_Work to complete_
For the listing below, the answer is an exact retyping of the lines from the one with "1st image of 702 Palestine St" through the one with "2024 Toyota Corolla GX 1.8 Hybird image 3", both included, without pictures.

_Data_
________________________
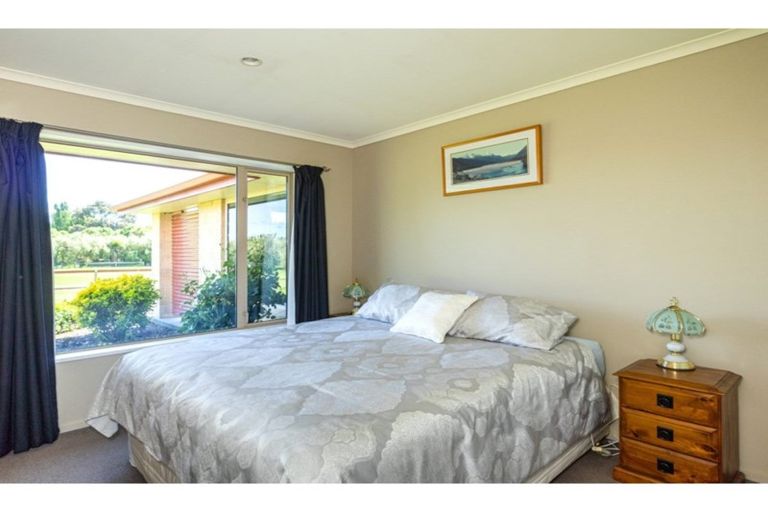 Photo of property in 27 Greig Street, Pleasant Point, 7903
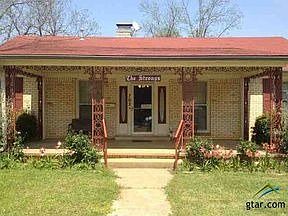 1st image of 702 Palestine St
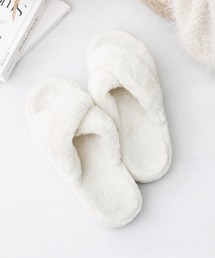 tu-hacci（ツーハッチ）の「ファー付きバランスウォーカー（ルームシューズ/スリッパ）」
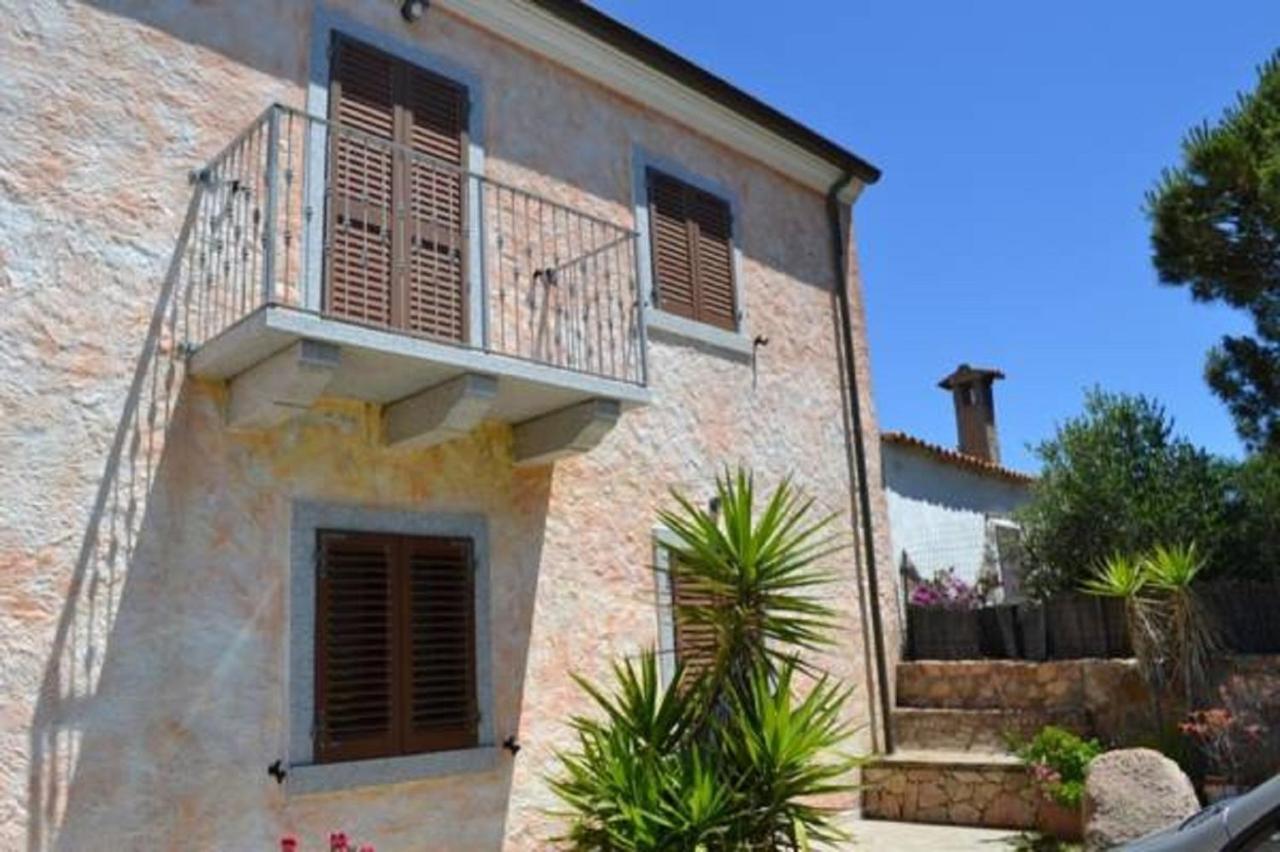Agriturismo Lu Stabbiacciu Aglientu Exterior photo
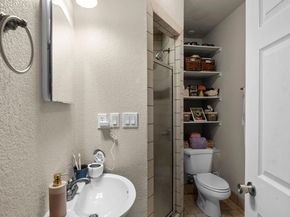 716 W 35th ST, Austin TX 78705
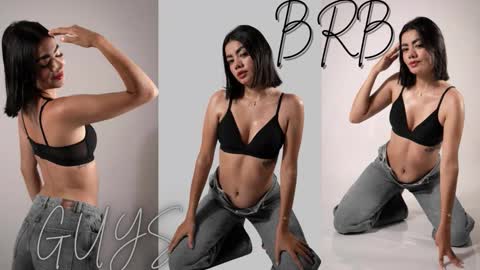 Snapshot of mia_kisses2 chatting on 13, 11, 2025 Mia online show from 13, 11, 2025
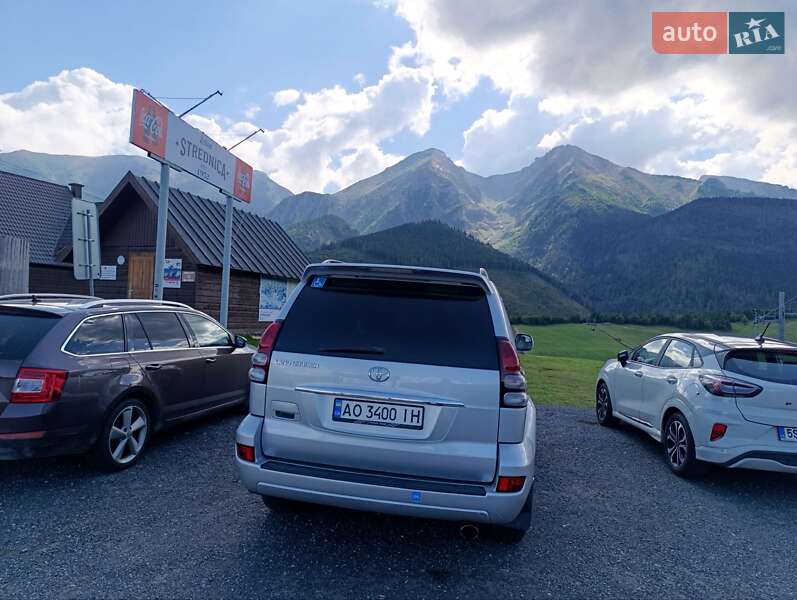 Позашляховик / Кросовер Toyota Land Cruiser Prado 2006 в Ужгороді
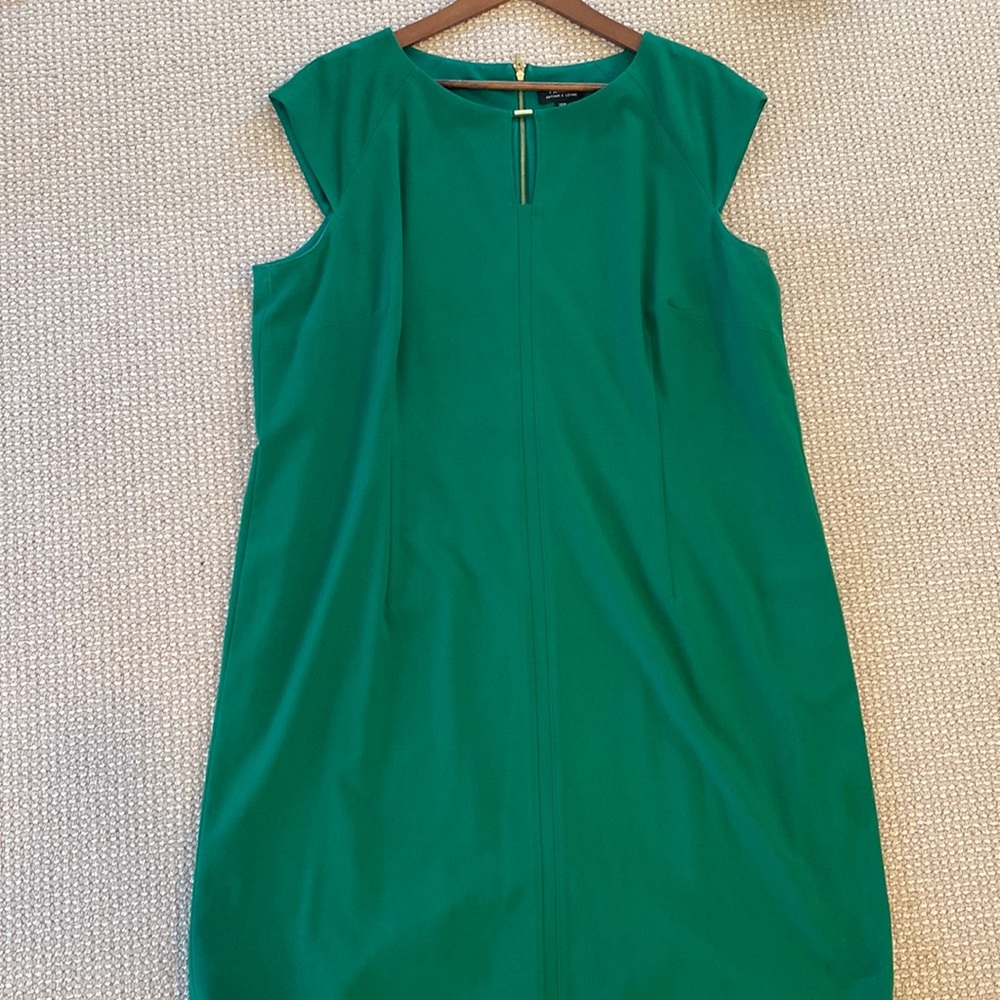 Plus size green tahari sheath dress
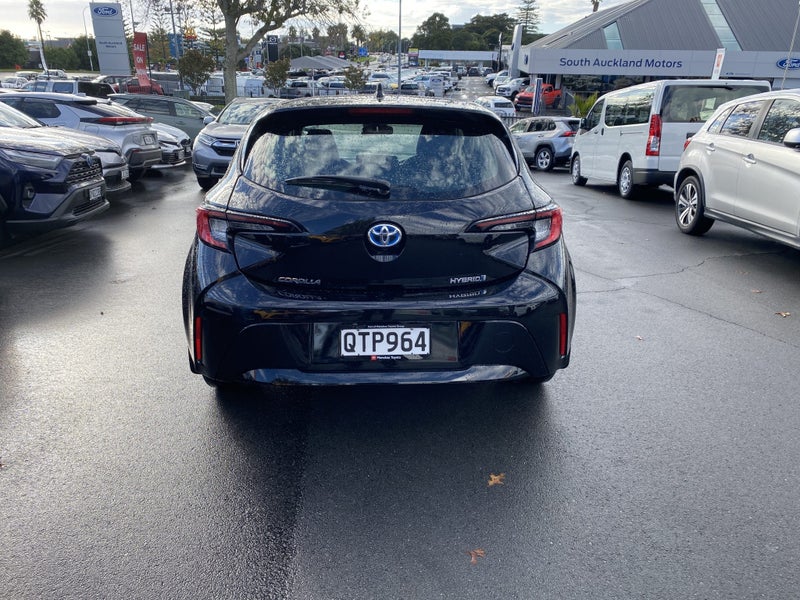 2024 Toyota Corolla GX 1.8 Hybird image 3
________________________
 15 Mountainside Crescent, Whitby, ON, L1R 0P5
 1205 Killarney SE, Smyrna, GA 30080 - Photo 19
________________________
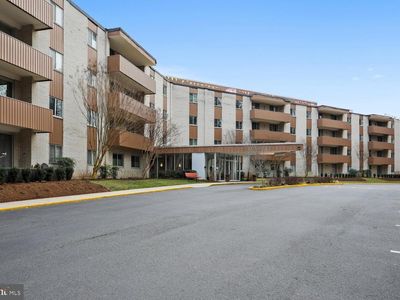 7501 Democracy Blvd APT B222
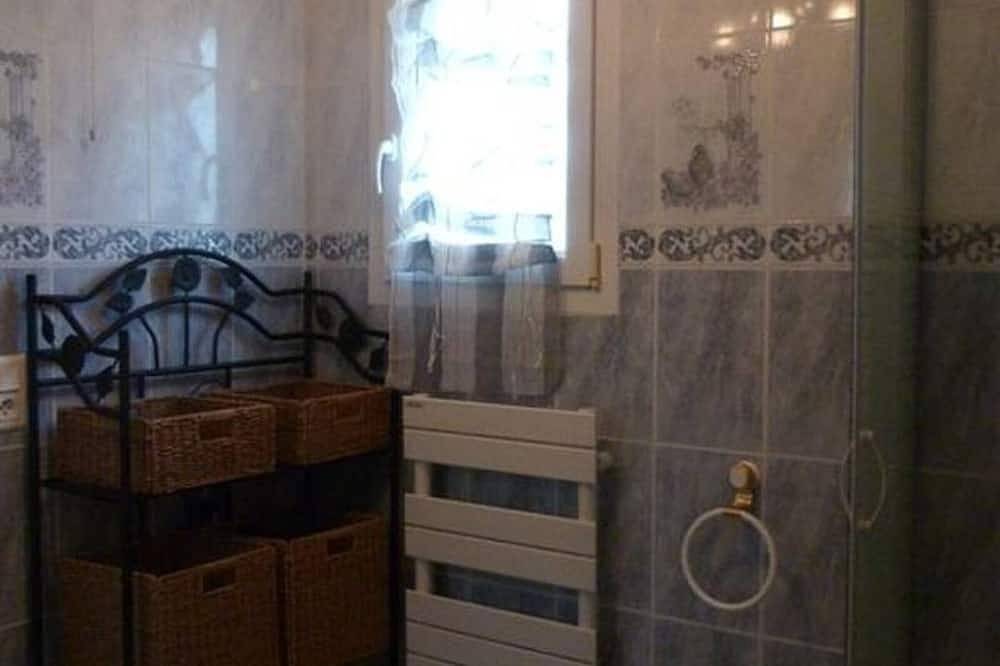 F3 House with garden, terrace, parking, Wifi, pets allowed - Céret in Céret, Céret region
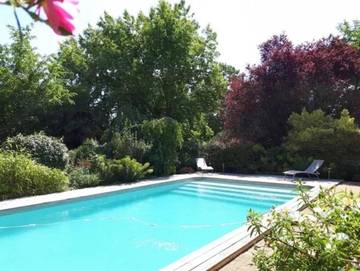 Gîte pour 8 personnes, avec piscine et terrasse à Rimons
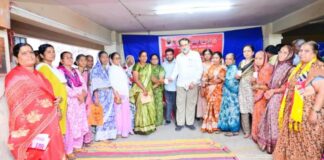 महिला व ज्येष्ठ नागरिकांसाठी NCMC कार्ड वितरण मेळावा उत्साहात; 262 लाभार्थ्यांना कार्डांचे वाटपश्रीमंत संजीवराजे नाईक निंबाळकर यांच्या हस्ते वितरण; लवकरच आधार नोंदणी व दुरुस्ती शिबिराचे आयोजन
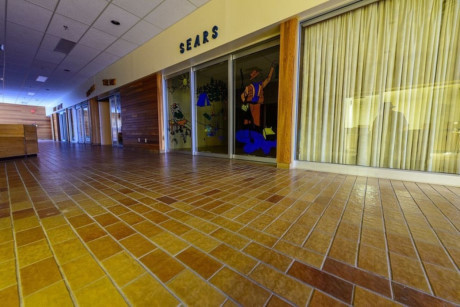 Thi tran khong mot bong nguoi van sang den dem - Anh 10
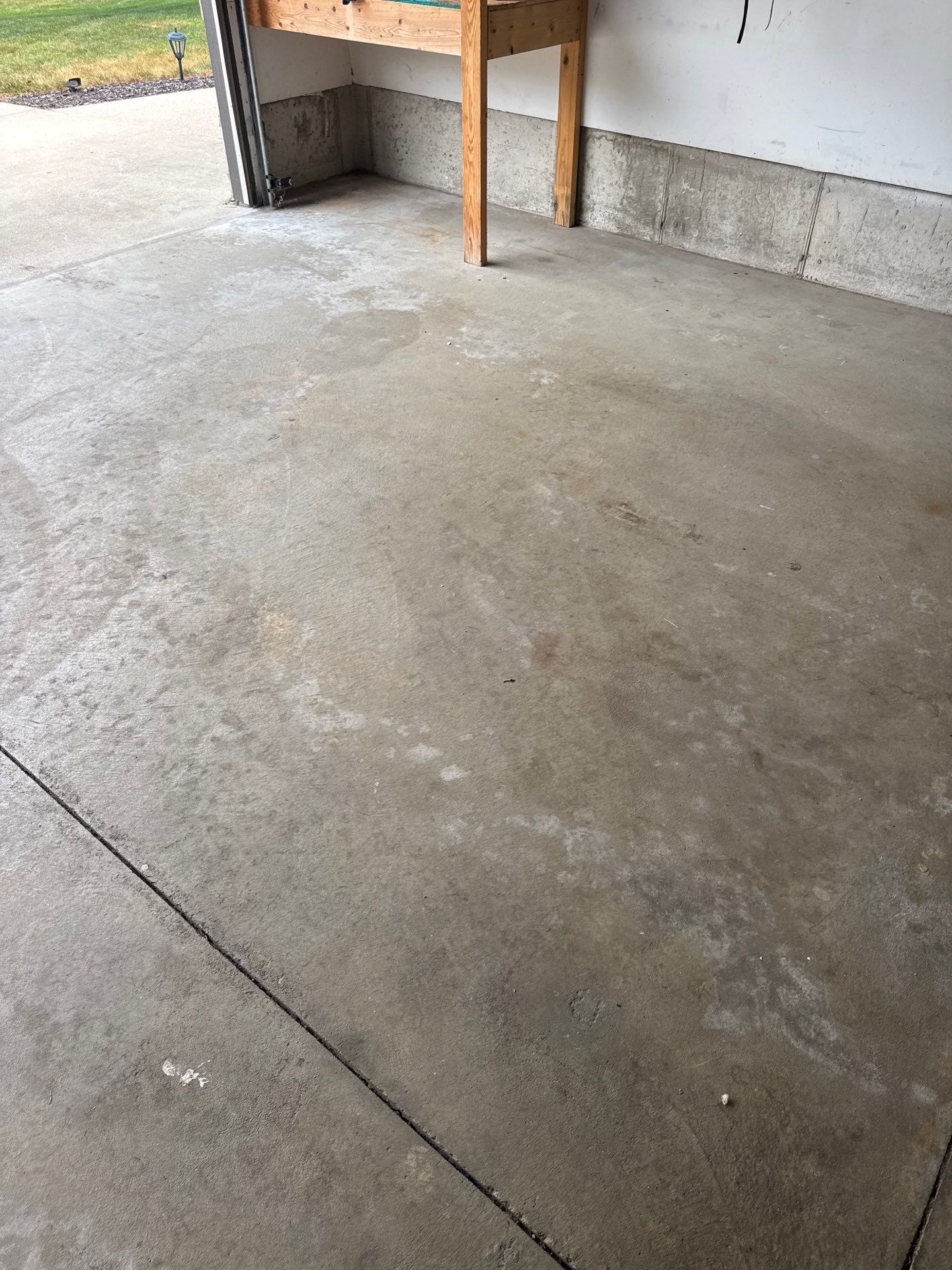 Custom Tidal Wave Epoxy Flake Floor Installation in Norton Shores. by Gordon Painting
________________________
_Answer section_
 1st image of 702 Palestine St
 tu-hacci（ツーハッチ）の「ファー付きバランスウォーカー（ルームシューズ/スリッパ）」
Agriturismo Lu Stabbiacciu Aglientu Exterior photo
 716 W 35th ST, Austin TX 78705
 Snapshot of mia_kisses2 chatting on 13, 11, 2025 Mia online show from 13, 11, 2025
 Позашляховик / Кросовер Toyota Land Cruiser Prado 2006 в Ужгороді
 Plus size green tahari sheath dress
 2024 Toyota Corolla GX 1.8 Hybird image 3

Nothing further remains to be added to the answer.